We would note that at least one decision has recognized that certain individual foods such as pizzas, sandwiches and the like have become commonly recognized as "meals" in and of themselves. In Dept. of Revenue v. To Your Door Pizza. Inc ., 670 S.W.2d 482 (Ky.Ct. App. 1984) the Court noted that "[t]oday's customs would allow many single items to be considered a 'meal.' In today's world, a hot dog or hamburger and a soft drink frequently make a meal.... Furthermore, it is common knowledge that millions of Americans consider pizza a meal." 670 S.W.2d at 484. Again, each individual food component would have to be examined on a case-by-case to determine if it is a "prepared meal" for purposes of the Local Hospitality Tax. Our conclusion herein is simply that, typically speaking, components of a meal do not constitute a "meal" for purposes of the Act.
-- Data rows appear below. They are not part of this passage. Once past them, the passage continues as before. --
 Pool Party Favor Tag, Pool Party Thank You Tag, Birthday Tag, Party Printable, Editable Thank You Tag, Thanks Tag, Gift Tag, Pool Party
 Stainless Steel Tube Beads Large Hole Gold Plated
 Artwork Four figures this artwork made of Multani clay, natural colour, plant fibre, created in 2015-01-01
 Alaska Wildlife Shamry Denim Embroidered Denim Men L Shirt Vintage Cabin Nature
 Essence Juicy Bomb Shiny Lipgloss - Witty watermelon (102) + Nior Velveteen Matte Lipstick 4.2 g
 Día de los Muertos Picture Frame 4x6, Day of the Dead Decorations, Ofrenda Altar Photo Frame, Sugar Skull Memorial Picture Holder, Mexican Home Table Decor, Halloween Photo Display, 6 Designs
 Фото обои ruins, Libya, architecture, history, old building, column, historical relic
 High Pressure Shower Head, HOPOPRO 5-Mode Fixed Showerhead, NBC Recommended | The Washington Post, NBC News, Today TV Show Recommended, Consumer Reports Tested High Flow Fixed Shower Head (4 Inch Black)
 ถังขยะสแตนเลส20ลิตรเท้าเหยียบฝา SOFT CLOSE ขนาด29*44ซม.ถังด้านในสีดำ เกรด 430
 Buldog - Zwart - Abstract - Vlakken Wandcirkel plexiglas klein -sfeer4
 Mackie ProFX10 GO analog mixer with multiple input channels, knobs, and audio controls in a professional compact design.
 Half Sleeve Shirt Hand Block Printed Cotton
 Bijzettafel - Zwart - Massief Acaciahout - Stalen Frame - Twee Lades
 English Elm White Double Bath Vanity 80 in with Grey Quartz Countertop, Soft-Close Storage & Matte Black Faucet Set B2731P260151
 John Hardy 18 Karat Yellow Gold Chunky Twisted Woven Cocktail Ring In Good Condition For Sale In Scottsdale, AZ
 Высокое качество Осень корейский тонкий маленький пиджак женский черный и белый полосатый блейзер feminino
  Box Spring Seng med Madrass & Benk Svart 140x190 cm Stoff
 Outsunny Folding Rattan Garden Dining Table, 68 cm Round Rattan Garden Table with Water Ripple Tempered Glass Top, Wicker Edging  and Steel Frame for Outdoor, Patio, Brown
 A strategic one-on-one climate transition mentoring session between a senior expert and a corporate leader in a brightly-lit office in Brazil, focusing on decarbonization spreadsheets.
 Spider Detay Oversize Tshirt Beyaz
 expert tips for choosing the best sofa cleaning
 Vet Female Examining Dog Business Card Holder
We further note that many localities which are imposing the Local Hospitality Tax are defining "prepared meals and beverages" as products sold for immediate consumption either on or off premises in businesses classified as eating and drinking places under the Standard Industrial Code Classification Manual. See e.g. www.georgetowncounty.org. ("General Accommodation/Hospitality Tax Information and Instructions). This manual lists as "eating places" such things as the following: lunch counters; drinking places operated as a subordinate service facility by other establishments; bars and restaurants operated for members of civic, social and fraternal associations. Many localities are interpreting the Local Hospitality Tax Act as including the sales of all deli and bakery department items by a grocery store, www.georgetowncounty.org, supra. In our view, however, a court will attribute the common and ordinary meaning to the phrase "prepared meals and beverages." We see no indication in the Local Hospitality Tax Act that the SIC Manual is to be used as a guide.